Un pacte avec le diable

Portrait du nouveau propriétaire de Courtrai, un milliardaire malaisien pour le moins excentrique…

Aujourd’hui, celui qui fait le plus parler de lui s’appelle Vincent Tan Chee Yioun, un Malaisien de 61 ans. Les Britanniques l’ont rebaptisé MrChow, allusion au truand de Very Bad Trip. Il faut dire que la ressemblance est frappante. Surtout lorsqu’il pénètre dans le stade de Cardiff avec ses gants de cuir noirs, ses lunettes à verre teintés, son pantalon au-dessus du nombril et son maillot rouge de Cardiff City. A voir absolument ! N’empêche que le type a dirigé Cardiff en Premier League durant une saison et qu’il vient de racheter Courtrai.

L’empire de Vincent Tan s’étend de l’alimentation à la téléphonie mobile. Il y a deux ans encore, il dirigeait lui-même Berjaya Group, un conglomérat d’entreprises employant au total 16.000 personnes et réalisant un chiffre d’affaires de six milliards d’euros. Aujourd’hui, il a cédé la gestion à son fils et veut s’amuser un peu. Il vit dans son monde, entouré de ses jets privés, de ses yachts et des pop stars qu’il invite à donner des concerts privés chez lui.

Il a gagné ses premiers millions en ouvrant le premier McDonald’s de Malaisie. Plus tard, c’est encore lui qui a introduit Starbucks et 7-Eleven en Extrême-Orient. Dans les années 80, il a racheté la Loterie Nationale. Légalement ? Personne ne le sait ! En tout cas, ça l’a fameusement enrichi et, il y a quatre ans, il a fait son apparition sur la liste des plus grandes fortunes mondiales établie par Forbes.
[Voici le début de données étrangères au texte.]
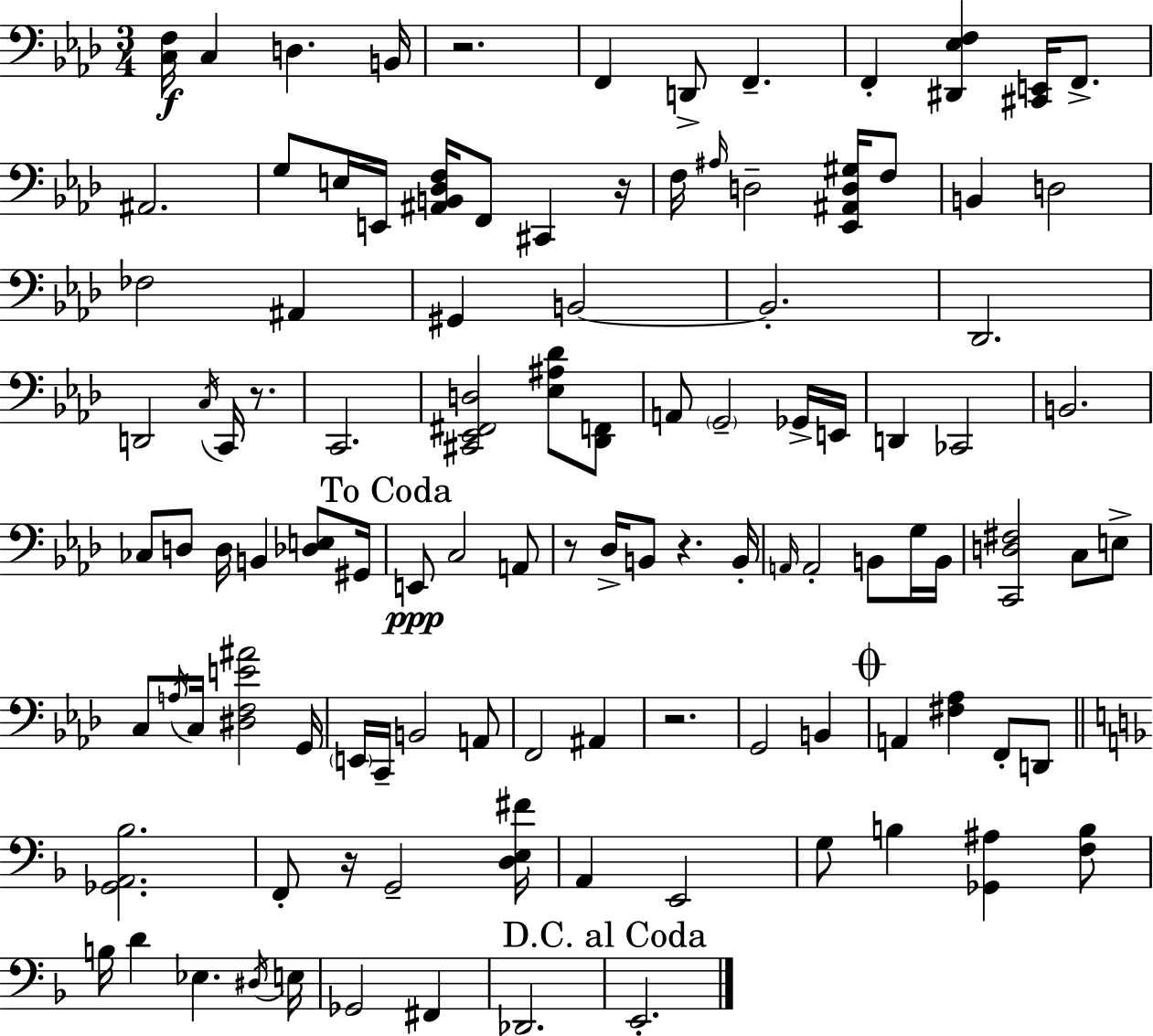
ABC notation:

X:1
T:Untitled
M:3/4
L:1/4
K:Ab
[C,F,]/4 C, D, B,,/4 z2 F,, D,,/2 F,, F,, [^D,,_E,F,] [^C,,E,,]/4 F,,/2 ^A,,2 G,/2 E,/4 E,,/4 [^A,,B,,_D,F,]/4 F,,/2 ^C,, z/4 F,/4 ^A,/4 D,2 [_E,,^A,,D,^G,]/4 F,/2 B,, D,2 _F,2 ^A,, ^G,, B,,2 B,,2 _D,,2 D,,2 C,/4 C,,/4 z/2 C,,2 [^C,,_E,,^F,,D,]2 [_E,^A,_D]/2 [_D,,F,,]/2 A,,/2 G,,2 _G,,/4 E,,/4 D,, _C,,2 B,,2 _C,/2 D,/2 D,/4 B,, [_D,E,]/2 ^G,,/4 E,,/2 C,2 A,,/2 z/2 _D,/4 B,,/2 z B,,/4 A,,/4 A,,2 B,,/2 G,/4 B,,/4 [C,,D,^F,]2 C,/2 E,/2 C,/2 A,/4 C,/4 [^D,F,E^A]2 G,,/4 E,,/4 C,,/4 B,,2 A,,/2 F,,2 ^A,, z2 G,,2 B,, A,, [^F,_A,] F,,/2 D,,/2 [_G,,A,,_B,]2 F,,/2 z/4 G,,2 [D,E,^F]/4 A,, E,,2 G,/2 B, [_G,,^A,] [F,B,]/2 B,/4 D _E, ^D,/4 E,/4 _G,,2 ^F,, _D,,2 E,,2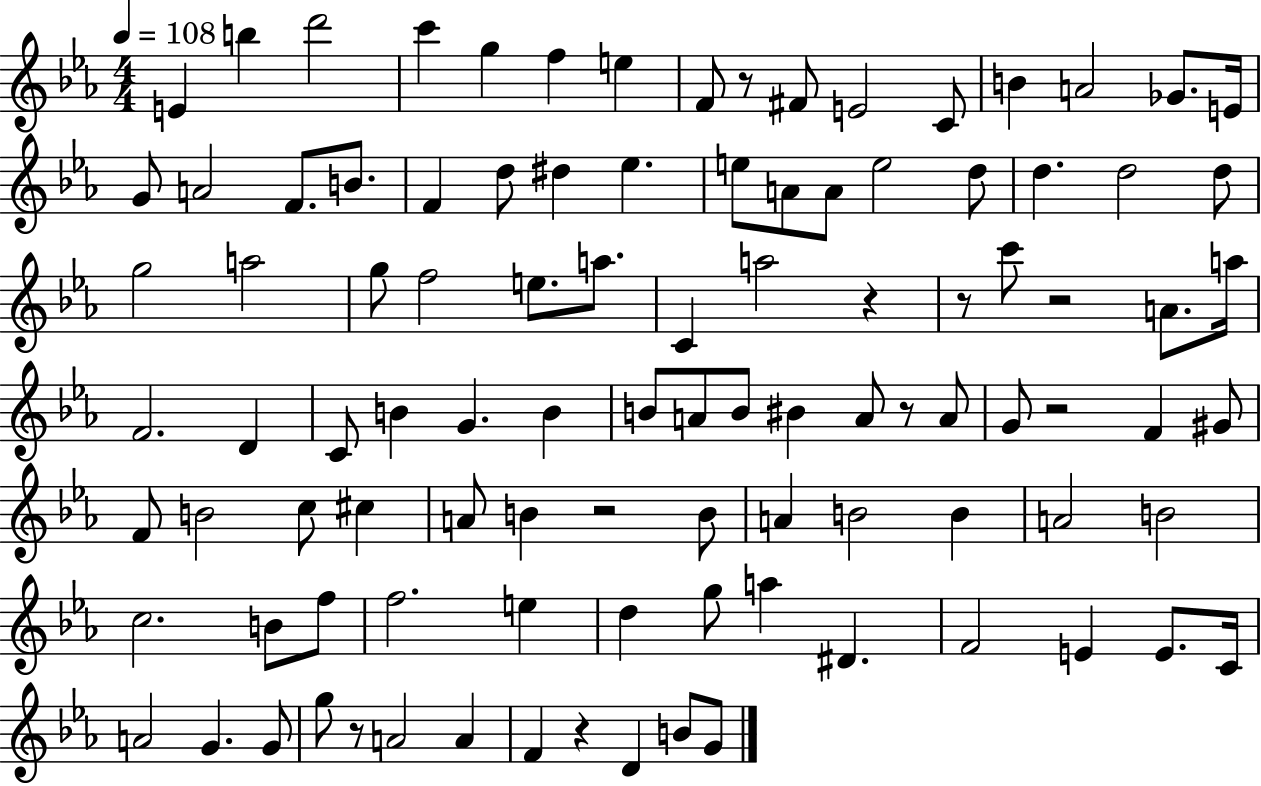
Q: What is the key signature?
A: EES major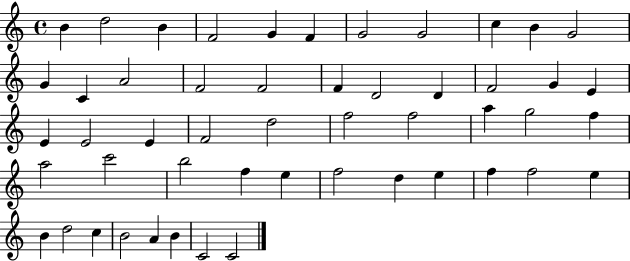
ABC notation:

X:1
T:Untitled
M:4/4
L:1/4
K:C
B d2 B F2 G F G2 G2 c B G2 G C A2 F2 F2 F D2 D F2 G E E E2 E F2 d2 f2 f2 a g2 f a2 c'2 b2 f e f2 d e f f2 e B d2 c B2 A B C2 C2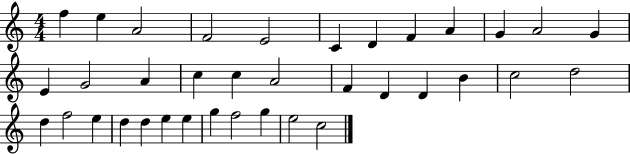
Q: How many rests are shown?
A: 0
En 2010, sa fortune était estimée à 1,3 milliards de dollars. Il figure dans le Top 10 des richesses en Malaisie.

De Bluebirds à Red Drakes

A l’étranger, on ne le connaissait pas mais, depuis qu’il est devenu actionnaire majoritaire de Cardiff City en 2010, il est cité parmi les puissants de ce monde, au même titre que Roman Abramovich et Mansour bin Zayed. C’est d’ailleurs sans doute pour cela qu’il l’a fait car il n’a rien d’un visionnaire du football. Cardiff City, c’est son jouet. Mais il a oublié que, pour de nombreux Gallois, c’est une passion qui se transmet de père en fils. Et que ces gens-là sont fidèles à la tradition.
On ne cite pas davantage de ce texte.